BRIEF DESCRIPTION OF THE DRAWINGS
[0060] The previous and other advantages and features will be more fully understood from the following detailed description of embodiments, with reference to the attached drawings which must be considered in an illustrative and non-limiting manner, in which:
[0061] FIG. 1 shows a high level description of the Adaptive Catalogues Profiling System, according to an embodiment of the present invention.
[0062] FIG. 2 shows the Adaptive Profiling System processes and flows of information, according to an embodiment of the present invention.
[0063] FIG. 3 shows Item Characteristic Curves for movie 1200, according to an example embodiment of the present invention, wherein it can be observed that the item location parameter is very close to scale centre.
[0064] FIG. 4 shows Item Characteristic Curves for movie 1587, according to an example embodiment of the present invention, wherein it can be observed that the item location parameter is skewed to the right so that this movie is more representative of a movie particularly well rated by those individuals having higher values of the preference towards this catalogue.
[0065] FIG. 5 shows Item Characteristic Curves for movie 1261, according to an example embodiment of the present invention, wherein it can be observed that this item shows a strange pattern, with the thresholds between ratings much compressed, making this movie not a good candidate to start the scoring.
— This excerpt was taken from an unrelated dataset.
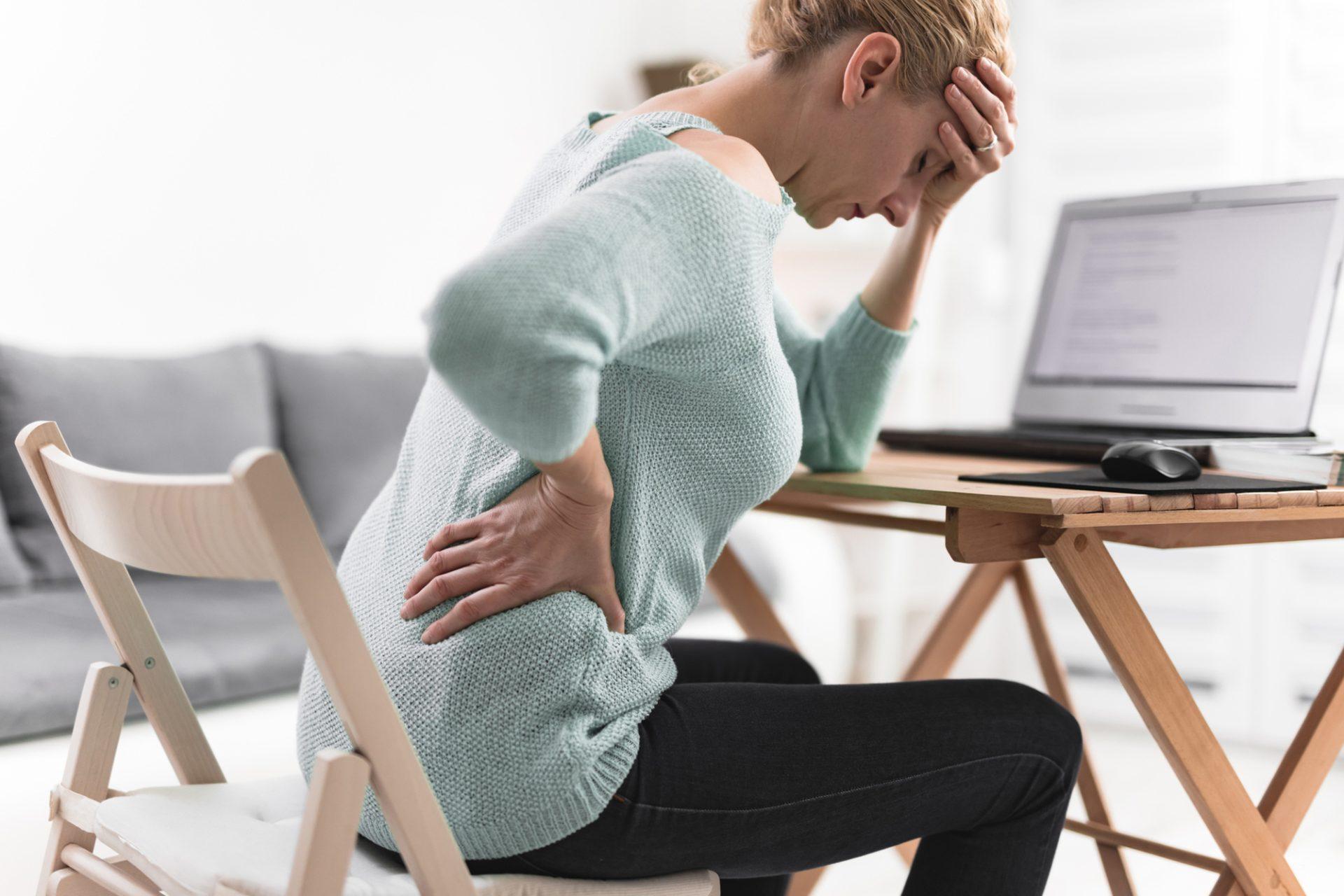 CBD și Sciatica: Cum să calmezi durerea „fulgerătoare” de pe picior? 1 Femeie stresată la birou ținându-se de cap, efectele oboselii și sindromului de burnout. CBD pentru sciatica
[0066] FIG. 6 shows Item Characteristic Curves for movie 2985, according to an example embodiment of the present invention, wherein it can be observed that this item presents a good span across the different rating responses.
[0067] FIG. 7 shows an item map which deploys all items for catalogue 8, together with the distribution of preference measurements, according to an example embodiment of the present invention.
DETAILED DESCRIPTION OF SEVERAL EMBODIMENTS
[0068] This invention proposes a method and a system which is capable of creating, storing and managing user profiles regarding user preferences towards any kind of content or objects (including, but not limited to, music, movies, literature, and consumer goods). The new modules of this user profiling system which are an essential part of the invention are:
[0069] A method and system to automatically generate and store in a computationally tractable form content or item catalogues, i.e., generated from ratings or decisions made by users in the past, and with no manual intervention from operators or judges. This can be considered an off-line user-profiling system.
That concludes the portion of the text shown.